What is the energy of a superposition of energy eigenstates?

Question

Suppose I have a system say SHO in a superposition of energy eigenstates $|{n_1}\rangle$ and $|{n_2}\rangle $ given by $|{\psi}\rangle = \frac{1}{\sqrt{2}}|{n_1}\rangle + \frac{1}{\sqrt{2}}|{n_2}\rangle $.

If I measure the energy of system there is equal probability of getting $(n_1 + \frac{1}{2})\hbar\omega$ or $(n_2 + \frac{1}{2})\hbar\omega$.

The question then arises where does rest of the energy go or come from? On one good day I measure system to be in state $|{n_1}\rangle$ while on other I measure it to be $|{n_2}\rangle$. It seems to me that it violates the energy conservation. Does this have to do with the measuring device? If yes then why do we never talk about it in formulating states?

Answer 1

First, the energy expectation value of the superposition state you have written down is

$$ \left(\frac{n_1 + n_2}{2} + \frac{1}{2}\right)\hbar\omega $$

and one might naively conclude that therefore the energy of the state lies in between the energy of its constituents.

This naive concept doesn't work, though - the "energy" of a state that is not an energy eigenstate is not well-defined, just as the spin of a state that is not a spin eigenstate is not well-defined - all you have is the expectation value, which tells you what you would get averaging over many measurements. The spin superposition $|{\uparrow}\rangle + |{\downarrow}\rangle$ hasn't got a definite spin, and it is certainly not zero, although its expectation value is.

Therefore, the question "Where does the energy come from/go?" is simply ill-posed. A state that is not an eigenstate has no well-defined property "energy".

You might ask how conservation of energy is realised here, and the answer is simple and unsatisfactory at first: Classical conservation laws are realized on the quantum level as operator laws, or, in this case, as the conservation of energy expectation value

$$ \frac{\mathrm{d}}{\mathrm{d}t}\langle \psi \vert H |{\psi}\rangle = 0$$

in the course of the usual time evolution, which, by Ehrenfest's theorem, is always true for time-independent Hamiltonians. Thus, energy is indeed conserved.

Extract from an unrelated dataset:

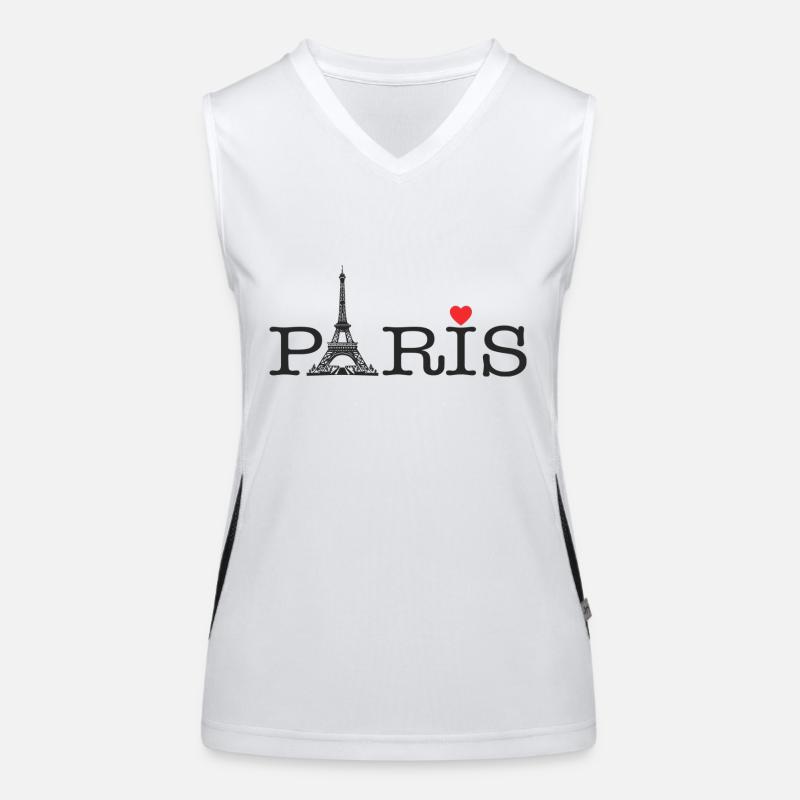 Pariser Liebe Funktionelles Kontrast-Tank Top für Frauen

The measurement process itself constitutes an interaction with the state $\psi$, and is in particular not a unitary (time) evolution on the system of the state. There is hence no reason to demand that the energy expectation of a state after measurement be the same as before.

Answer 2

If energy is conserved, how so that a measurement of the energy of a state, such as $$ \psi = N (\phi_1 + \phi_2), $$ could result in two different energies? I think your question is easiest to tackle with the consistent histories interpretation of QM (though you'll reach similar conclusions with any other interpretation).

We must remember that energy can be exchanged between between the state $\psi$, the "subsystem" that made that state, and the "subsystem" (i.e. measuring apparatus) with which you propose to measure the state.

If we consider the whole system, state, the original process, and the measuring apparatus, energy is always conserved. Each possible (consistent) history of the state conserves energy - if the state has "more" energy upon measurement, it is because the process that made that state gave it more energy (though until measurement, the history of the state is undetermined).

In general, conservation laws, such as the conservation of energy, are obeyed by consistent histories for closed systems.

Answer 3

Suppose you prepare a state and you want to determine which state you have created. Of course a single measure tells you nothing unless you know a priori that you have created an eigenstate of the Hamiltonian. So from a practical point of view, a measurement is a repetition of the same experimental operations on a large enough ensemble of identical copies of the state you are creating. If you find that half of the times your state has energy $E_1$ and the other half of the times it has energy $E_2$, you can declare that the state you are producing is a superposition of state $\psi_1$ and state $\psi_2$, the coefficients of the superposition coming from the measured statistics.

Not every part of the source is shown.